Task brief => Which lines in the records below hold the word "Dish"? Copy each of them.

↓

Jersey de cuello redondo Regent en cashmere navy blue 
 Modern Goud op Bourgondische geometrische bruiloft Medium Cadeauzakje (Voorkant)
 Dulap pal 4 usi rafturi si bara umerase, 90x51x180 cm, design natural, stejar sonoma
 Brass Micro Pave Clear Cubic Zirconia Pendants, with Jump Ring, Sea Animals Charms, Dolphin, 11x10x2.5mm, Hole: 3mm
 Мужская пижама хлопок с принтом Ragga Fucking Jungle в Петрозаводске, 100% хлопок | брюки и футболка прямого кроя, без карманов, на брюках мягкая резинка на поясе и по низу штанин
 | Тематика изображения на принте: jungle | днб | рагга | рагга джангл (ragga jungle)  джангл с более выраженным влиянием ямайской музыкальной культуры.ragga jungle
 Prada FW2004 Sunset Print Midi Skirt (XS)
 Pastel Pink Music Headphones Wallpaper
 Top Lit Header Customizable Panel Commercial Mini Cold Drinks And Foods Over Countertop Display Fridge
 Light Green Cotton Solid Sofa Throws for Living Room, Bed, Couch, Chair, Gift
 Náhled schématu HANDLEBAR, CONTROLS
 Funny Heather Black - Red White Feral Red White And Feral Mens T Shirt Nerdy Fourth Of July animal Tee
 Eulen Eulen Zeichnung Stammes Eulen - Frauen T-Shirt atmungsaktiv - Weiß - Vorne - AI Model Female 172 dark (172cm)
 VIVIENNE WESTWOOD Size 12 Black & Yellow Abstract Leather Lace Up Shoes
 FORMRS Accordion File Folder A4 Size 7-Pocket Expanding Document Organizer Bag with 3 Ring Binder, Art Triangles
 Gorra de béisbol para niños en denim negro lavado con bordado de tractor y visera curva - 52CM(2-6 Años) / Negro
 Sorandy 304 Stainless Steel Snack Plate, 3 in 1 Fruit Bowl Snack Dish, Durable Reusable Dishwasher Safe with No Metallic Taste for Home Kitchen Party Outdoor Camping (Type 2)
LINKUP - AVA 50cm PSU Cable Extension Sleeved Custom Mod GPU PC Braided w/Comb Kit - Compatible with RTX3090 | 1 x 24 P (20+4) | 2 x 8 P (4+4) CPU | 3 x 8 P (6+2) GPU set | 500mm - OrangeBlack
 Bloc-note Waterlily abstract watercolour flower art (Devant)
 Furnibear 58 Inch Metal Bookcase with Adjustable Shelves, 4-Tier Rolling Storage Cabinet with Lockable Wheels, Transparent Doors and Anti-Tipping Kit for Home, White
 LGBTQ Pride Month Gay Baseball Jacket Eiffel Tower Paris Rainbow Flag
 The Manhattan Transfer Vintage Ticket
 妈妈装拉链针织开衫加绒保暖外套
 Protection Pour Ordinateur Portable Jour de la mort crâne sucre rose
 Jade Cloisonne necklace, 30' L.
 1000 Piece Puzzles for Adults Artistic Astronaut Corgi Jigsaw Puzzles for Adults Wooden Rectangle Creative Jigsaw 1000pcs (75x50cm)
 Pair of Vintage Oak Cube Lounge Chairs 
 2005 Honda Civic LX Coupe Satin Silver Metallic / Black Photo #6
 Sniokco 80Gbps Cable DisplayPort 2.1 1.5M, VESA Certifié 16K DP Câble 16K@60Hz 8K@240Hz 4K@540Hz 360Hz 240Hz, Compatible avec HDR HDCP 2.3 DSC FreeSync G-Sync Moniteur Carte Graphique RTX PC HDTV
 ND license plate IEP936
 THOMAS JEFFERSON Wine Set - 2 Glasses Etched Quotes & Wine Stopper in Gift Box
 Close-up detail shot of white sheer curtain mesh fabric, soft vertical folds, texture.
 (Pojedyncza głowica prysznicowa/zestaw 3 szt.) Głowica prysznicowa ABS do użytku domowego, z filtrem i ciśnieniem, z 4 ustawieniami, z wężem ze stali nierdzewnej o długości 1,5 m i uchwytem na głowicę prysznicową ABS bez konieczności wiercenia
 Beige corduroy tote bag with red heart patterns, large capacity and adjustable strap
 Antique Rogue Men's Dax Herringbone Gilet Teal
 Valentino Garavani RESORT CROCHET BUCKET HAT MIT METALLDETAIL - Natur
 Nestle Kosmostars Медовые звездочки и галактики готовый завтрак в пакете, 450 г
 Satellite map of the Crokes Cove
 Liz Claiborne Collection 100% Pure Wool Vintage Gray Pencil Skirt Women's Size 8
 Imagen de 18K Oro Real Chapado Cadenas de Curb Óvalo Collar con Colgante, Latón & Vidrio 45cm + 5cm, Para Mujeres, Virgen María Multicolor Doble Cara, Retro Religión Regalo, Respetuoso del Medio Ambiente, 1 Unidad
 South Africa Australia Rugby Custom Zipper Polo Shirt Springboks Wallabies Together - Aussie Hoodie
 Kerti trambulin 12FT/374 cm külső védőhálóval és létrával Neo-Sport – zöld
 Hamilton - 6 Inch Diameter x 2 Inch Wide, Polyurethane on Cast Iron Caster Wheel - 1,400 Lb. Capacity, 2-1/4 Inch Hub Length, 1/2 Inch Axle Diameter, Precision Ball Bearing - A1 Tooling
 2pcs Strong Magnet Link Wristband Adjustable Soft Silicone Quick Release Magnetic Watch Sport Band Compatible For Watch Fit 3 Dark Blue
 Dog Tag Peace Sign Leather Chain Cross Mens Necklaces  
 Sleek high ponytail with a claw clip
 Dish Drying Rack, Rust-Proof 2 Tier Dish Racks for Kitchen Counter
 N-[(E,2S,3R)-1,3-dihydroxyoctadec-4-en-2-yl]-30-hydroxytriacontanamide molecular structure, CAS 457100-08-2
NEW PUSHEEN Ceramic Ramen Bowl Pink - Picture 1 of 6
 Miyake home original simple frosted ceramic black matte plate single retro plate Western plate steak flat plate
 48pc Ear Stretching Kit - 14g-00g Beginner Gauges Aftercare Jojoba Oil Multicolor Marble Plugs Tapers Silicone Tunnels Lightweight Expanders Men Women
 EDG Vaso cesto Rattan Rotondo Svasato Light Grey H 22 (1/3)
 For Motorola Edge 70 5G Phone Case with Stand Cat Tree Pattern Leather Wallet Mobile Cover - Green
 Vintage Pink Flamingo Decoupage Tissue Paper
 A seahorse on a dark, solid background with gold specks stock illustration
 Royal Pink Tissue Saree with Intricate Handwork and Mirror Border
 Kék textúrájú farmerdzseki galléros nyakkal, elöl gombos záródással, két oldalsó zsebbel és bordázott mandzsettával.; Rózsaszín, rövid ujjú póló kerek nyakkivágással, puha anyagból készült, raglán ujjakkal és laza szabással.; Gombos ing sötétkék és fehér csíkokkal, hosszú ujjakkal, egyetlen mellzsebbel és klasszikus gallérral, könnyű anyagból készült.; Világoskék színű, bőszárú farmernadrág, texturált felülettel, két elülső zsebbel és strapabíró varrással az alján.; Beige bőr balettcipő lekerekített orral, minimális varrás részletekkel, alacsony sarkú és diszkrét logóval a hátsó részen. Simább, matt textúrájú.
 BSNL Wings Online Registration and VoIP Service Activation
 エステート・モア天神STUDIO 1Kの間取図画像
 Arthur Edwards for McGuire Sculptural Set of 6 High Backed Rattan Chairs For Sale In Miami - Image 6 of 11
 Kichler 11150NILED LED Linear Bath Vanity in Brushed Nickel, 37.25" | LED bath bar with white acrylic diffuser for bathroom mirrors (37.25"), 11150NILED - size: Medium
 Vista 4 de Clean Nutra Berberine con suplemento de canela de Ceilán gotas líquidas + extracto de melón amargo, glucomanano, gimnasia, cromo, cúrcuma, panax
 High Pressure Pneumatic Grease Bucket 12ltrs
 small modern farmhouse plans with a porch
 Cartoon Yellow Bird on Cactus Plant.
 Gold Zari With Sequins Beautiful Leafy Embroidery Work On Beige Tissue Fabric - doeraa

↑

Answer below =>
 Sorandy 304 Stainless Steel Snack Plate, 3 in 1 Fruit Bowl Snack Dish, Durable Reusable Dishwasher Safe with No Metallic Taste for Home Kitchen Party Outdoor Camping (Type 2)
 Dish Drying Rack, Rust-Proof 2 Tier Dish Racks for Kitchen Counter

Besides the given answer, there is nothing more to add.